Singing "this and that" — mostly traditional

music — got Maura work in the folk clubs, "for fun," she

emphasizes; taking off work from the fish store she fully expected

to spend her life running, running instead up to sing in the clubs

of Dublin and Galway, where, one night, Frankie Gavin and Jackie Daly

of De Danann heard her, "and I got a phone call," says O’Connell.

She joined the group in 1980, just 21 years old, and they took off

for America.

With Maura as lead vocalist, they made their best selling album to

date, "The Star Spangled Molly." The album featured Irish

reels and jigs and a heart-rending version, by Maura, of the tender

ballad "Maggie," one of her most-requested numbers, and one

that illustrates Maura’s matchless ability to rip out the heart of

the listener. She repeats the feat on "Wandering Home," with

more traditional numbers such as "Teddy O’Neill."

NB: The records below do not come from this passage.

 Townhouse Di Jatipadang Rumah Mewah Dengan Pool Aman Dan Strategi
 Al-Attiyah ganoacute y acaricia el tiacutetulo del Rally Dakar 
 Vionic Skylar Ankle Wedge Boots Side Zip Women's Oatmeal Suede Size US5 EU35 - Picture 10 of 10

"I may have found the blues in Irish music," O’Connell admits,

when she speaks of the making of "Wandering Home."

"I had spent the afternoon with Dolores Keane [another former

De Danann vocalist] and her aunts. And when they sang the sad songs,

`keened’ as we say, it really evoked the blues to me. The songs are

so sad, and that’s what the blues is about — hard times, and pulling

the beauty out of something like that. In my show, I talk about the

fact that there are no traditional Irish love songs that aren’t tragic."

Certainly, Maura could have had a fine career if she had gone on keening

for De Danann indefinitely, not that she’s any slouch on the upbeat

numbers, either. But in common with Dolores Keane, Mary Black, and

other former vocalists for the group, Maura’s tenure was short-lived.

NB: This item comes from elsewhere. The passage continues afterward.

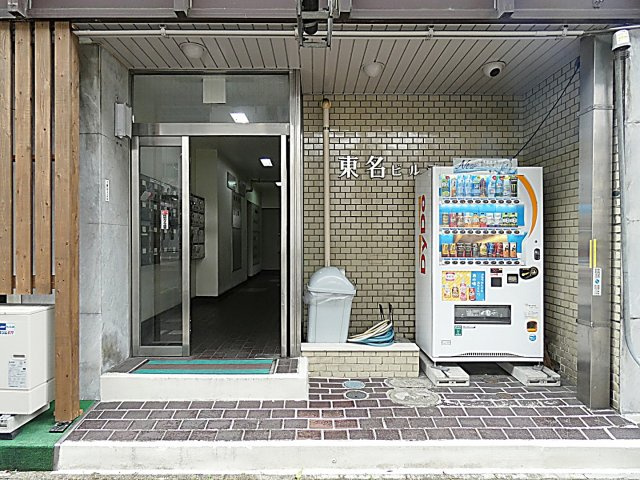 東名ビルディングのエントランス|裏口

After two years, she left.

"Well, we’re larger-than-life women," she explains with a

laugh. "I think the band has a knack for finding people who are

pretty good with a song, and interestingly, that usually means that

person has a vision. I couldn’t commit full-time just to De Danann.

If I was going to be in the music business, I really felt that I should

devote myself to what interested me more than anything else."

In January, 1983, Maura made her first solo record in Nashville, all

contemporary music. She fell in with a group of the young Nashville

turks, the bunch that became known as the New Grass Revival, including

instrumentalists like Bela Fleck, Mark O’Connor, and Jerry Douglas.

Maura was impressed with what she heard.

"I was excited by the fact that they weren’t bound by what other

people thought their instruments could do. I felt the same way about

songs and singing and it was a good match."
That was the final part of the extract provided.